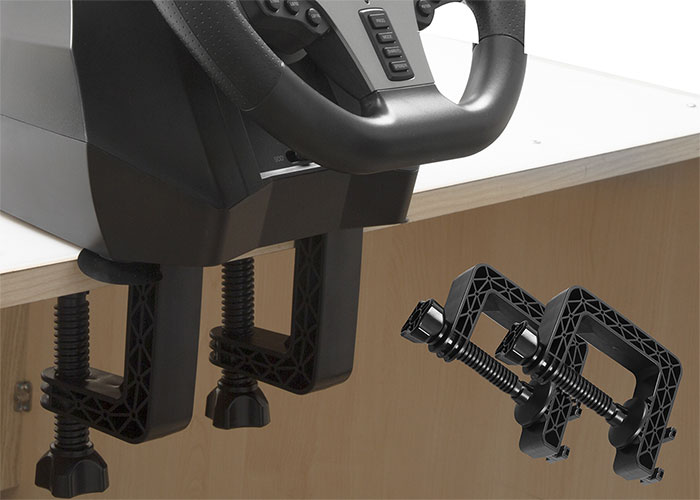 Bir oyun direksiyonu, kelepçelerle beyaz bir masaya monte edilmiştir.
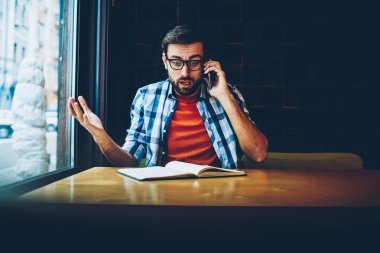 Ders kitabı tahta masada oturan dijital smartphone aygıt arama gözlük şok sakallı genç adam. Şaşırmış gibi yenilikçi öğrenci modern telefonla konuşurken rahat kıyafet giymiş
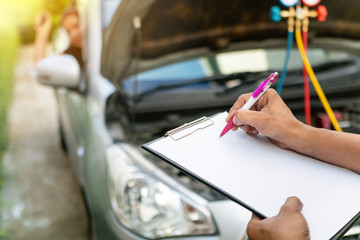 Auto mechanic perform vehicle checkup while service advisor take notes,Professional Auto Service Technician .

::::::::::

**AIM OF THE EXERCISE**
If pictures appear in the data, omit them and copy all other parts exactly.

**RESPONSE AREA**
 Bir oyun direksiyonu, kelepçelerle beyaz bir masaya monte edilmiştir.
 Ders kitabı tahta masada oturan dijital smartphone aygıt arama gözlük şok sakallı genç adam. Şaşırmış gibi yenilikçi öğrenci modern telefonla konuşurken rahat kıyafet giymiş
 Auto mechanic perform vehicle checkup while service advisor take notes,Professional Auto Service Technician .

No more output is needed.